Aynı dakikalarda Türkiye Büyük Millet Meclisi'nde darbe girişimi konusu tüm siyasi parti milletvekilleri tarafından görüşülürken, Türkiye Büyük Millet Meclisi bombalandı ve meclise yapılan bombalama saldırısı 4 defa tekrar edildi.

Saat 03:20'de İstanbul'da da darbecilerin kontrolündeki savaş uçakları alçak uçmaya başladı. 03:30 sularında darbeci askerler tarafından Doğan Medya Merkezi basılarak CNN Türk'ün yayını kesildi, Hürriyet'in basımı durduruldu, Digiturk'un yayını durduruldu, TÜRKSAT Gölbaşı tesisleri bombalandı.

Yine o dakikalarda eş zamanlı olarak Cumhurbaşkanlığı Sarayı'nı ele geçirmeye çalışan darbeci askerler, polisler tarafından etkisiz hale getirilerek tutuklandı.

Saat 04:00 civarında Cumhurbaşkanı Recep Tayyip Erdoğan, savaş uçaklarından gizlenmek için yolcu uçağıyla İsanbula'a indi ve Atatürk Havalimanı'nda bir basın açıklaması düzenledi.

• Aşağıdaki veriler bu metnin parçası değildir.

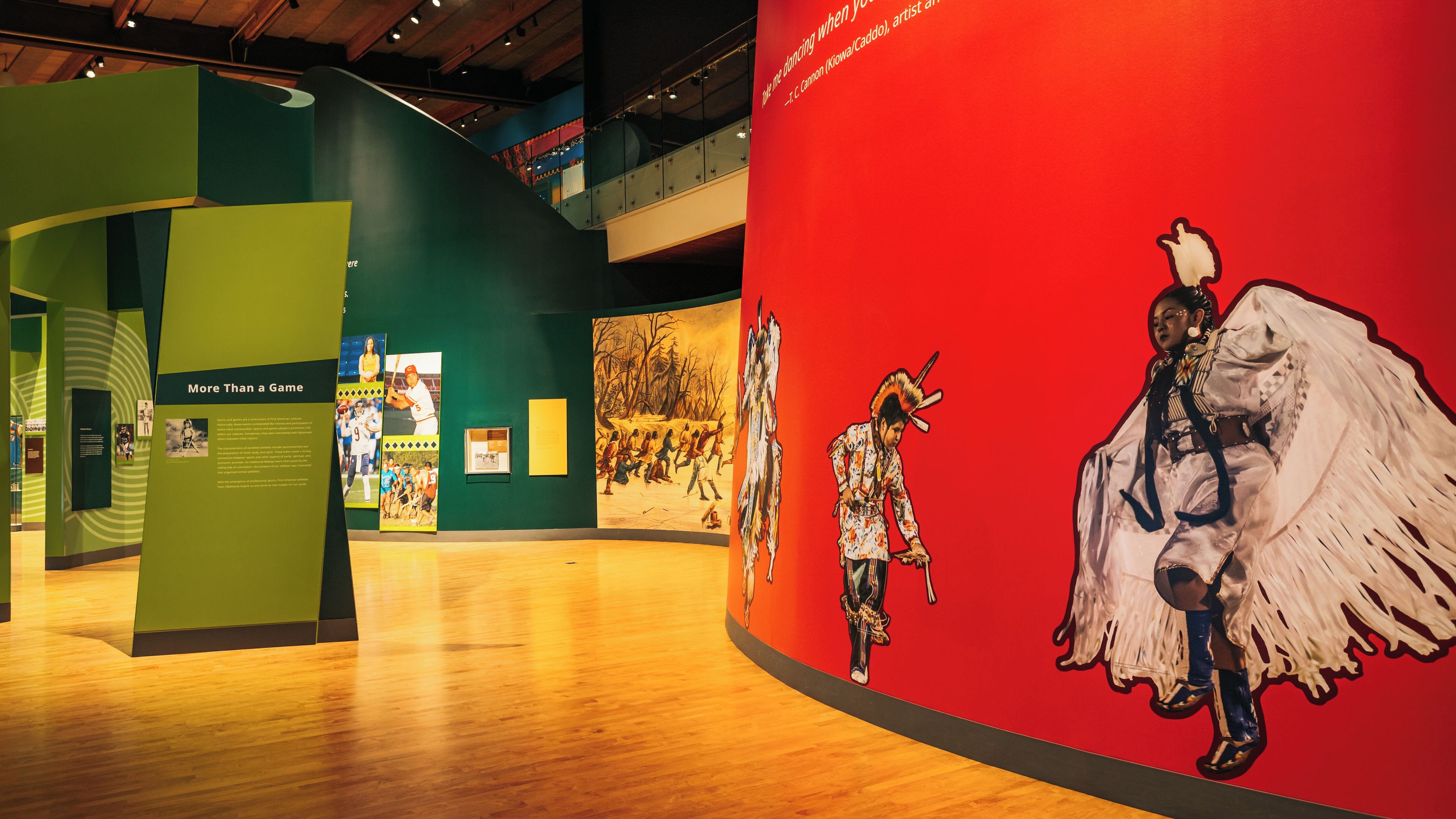 Una exhibición en un museo en interiores con paredes verdes y rojas, que presenta un gran mural de una figura nativa americana y un jugador de béisbol.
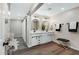 Spa-like bathroom with double vanity, and walk-in closet at 934 E 8Th St, Mesa, AZ 85203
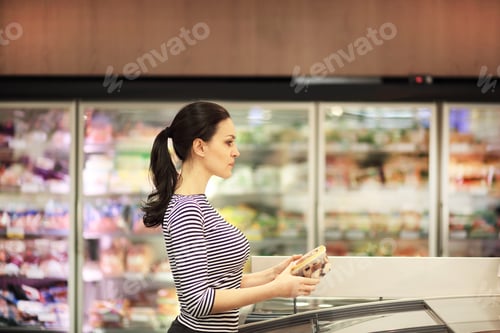 Preview: Women Choosing A Dairy Products At Supermarket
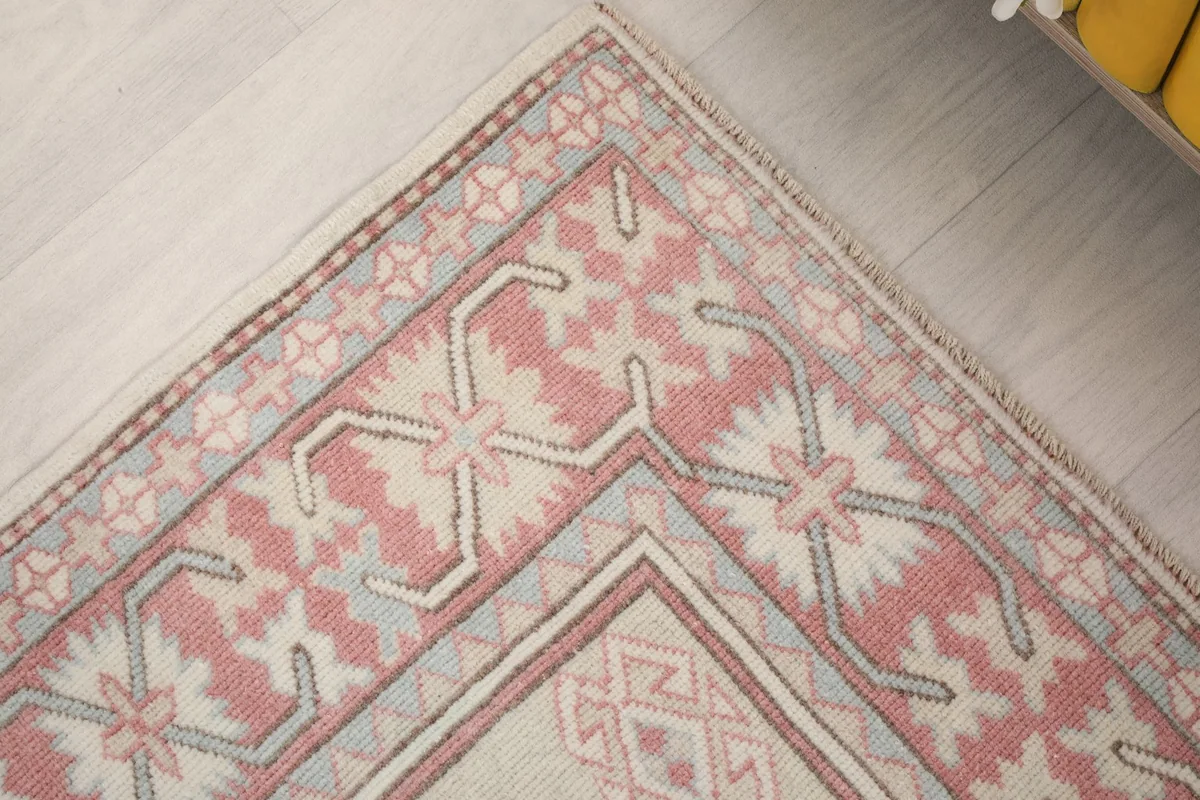 Close-up of a corner, revealing the intricate patterns and color variations in the border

Saat 05:00'ten sonra İstanbul Bakırköy Cumhuriyet Başsavcılığı darbeyi planlayanlara ve içinde bulunanlara darbeye teşebbüs suçundan soruşturma başlattı ve Ankara Cumhuriyet Başsavcılığı da darbecilerin darbe başarılı olduğunda kullanacakları sıkı yönetim planından harekete geçerek birçok kişi hakkında yakalama kararı çıkarttı.

İstanbul Vezneciler'de bulunan Belediye binasını kontrol altına alan askerler ile polis arasında sabaha kadar çatışmalar sürdü. Çatışmalar sonucunda emniyet mensupları darbeci askerlerden binanın kontrolünü ele geçirdi.

Saat 06:40 sularında Boğaziçi Köprüsü'nde bulunan yaklaşık 50 kişilik darbeci askerler ellerindeki silahları bırakarak polislere teslim oldu. Boğaz Köprüsü emniyet güçleri tarafından ele geçirildiğinde, Türk Telekom binasında bulunan darbeci askerler teslim oldu, aynı zamanda Kuleli Askeri Lisesi'nden 80 öğrenci gözaltına alındı. Jandarma Genelkurmay Başkanlığı yerleşkesini elinde tutan 250 asker gözaltına alındı, 17 darbeci asker öldürüldü.

En son olarak da Genelkurmay Başkanlığı'nı kontrolü altında bulunduran darbeci askerlere yapılan operasyonla beraber 700 silahsız er ve erbaş teslim oldu.

Darbe girişiminin başarısız olmasının ardından siyasiler, yaptıkları açıklamalarda tehlikenin tam olarak geçmediğini ve ikinci bir darbe girişimine karşı halkın sokak ve meydanlardan evlerine girmemesi söylendi. Yaklaşık 1 aylık bir süre boyunca halk geceleri meydanlarda nöbet tuttu.